The Centers for Disease Control and Prevention has advised Suffolk County residents to wear masks while at indoor public spaces regardless of their vaccination status
The recommendation is due to the increase in COVID-19 cases in the county. According to the Suffolk County Department of Health, for the week ending Dec. 3, there were 264-290 people hospitalized with COVID-19, and 14 died from the virus in the county. There were 4,168 new cases reported. The reinfection rate for Long Island increased from 10.3 to 18 per 100,000.
Flu cases have also increased. According to the SCDOH, during the week ending Dec. 3, flu cases increased in the county by 85%, from 1,577 confirmed cases to 2,916.
In a video posted to the SCDOH’s social media pages, Dr. Gregson Pigott, county health commissioner, said the COVID-19, influenza and respiratory syncytial virus (or RSV) infection rates are surging in Suffolk. The cases are in addition to the rise of other common seasonal infectious diseases.
“They are causing too many people to miss work or school and straining our health care systems,” Pigott said.
He urged residents to take precautions such as getting the vaccines for the flu and COVID, noting it is safe to take them together.
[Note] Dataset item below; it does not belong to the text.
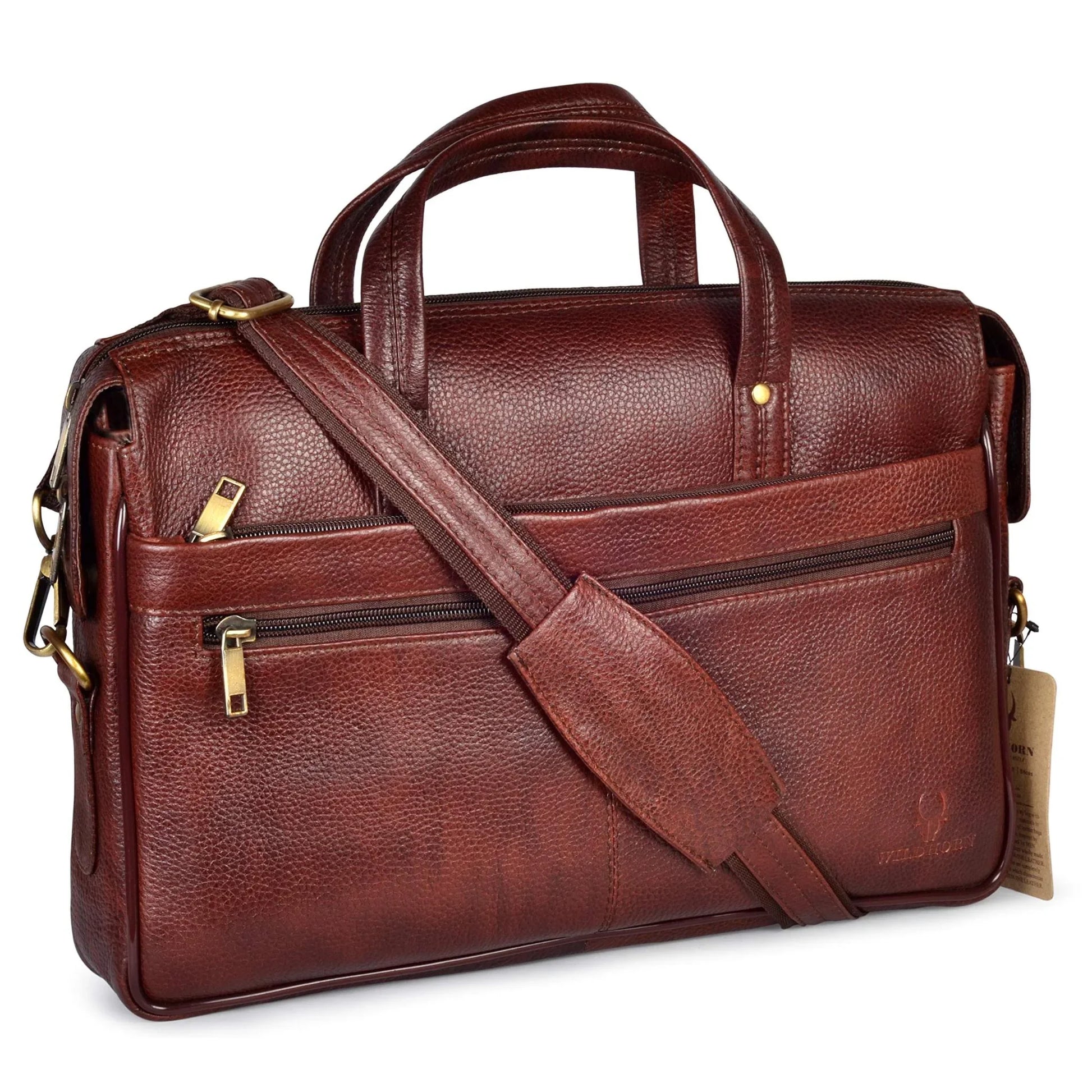 AXEL Leather Laptop Messenger Bag for Men - WILDHORN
He added the COVID bivalent booster “has shown to be effective against the older and newer strains of SARS-CoV-2.”
Pigott said the flu shot is a good match for this year’s circulating strains. Currently, there is no vaccine for RSV.
In the video, he reminded residents to wash their hands often and stay home when sick. He added that masks should be clean and well fitted, and used in enclosed public spaces.
“As we head into our third pandemic winter, let us be safe and do our best to protect one another,” Pigott said.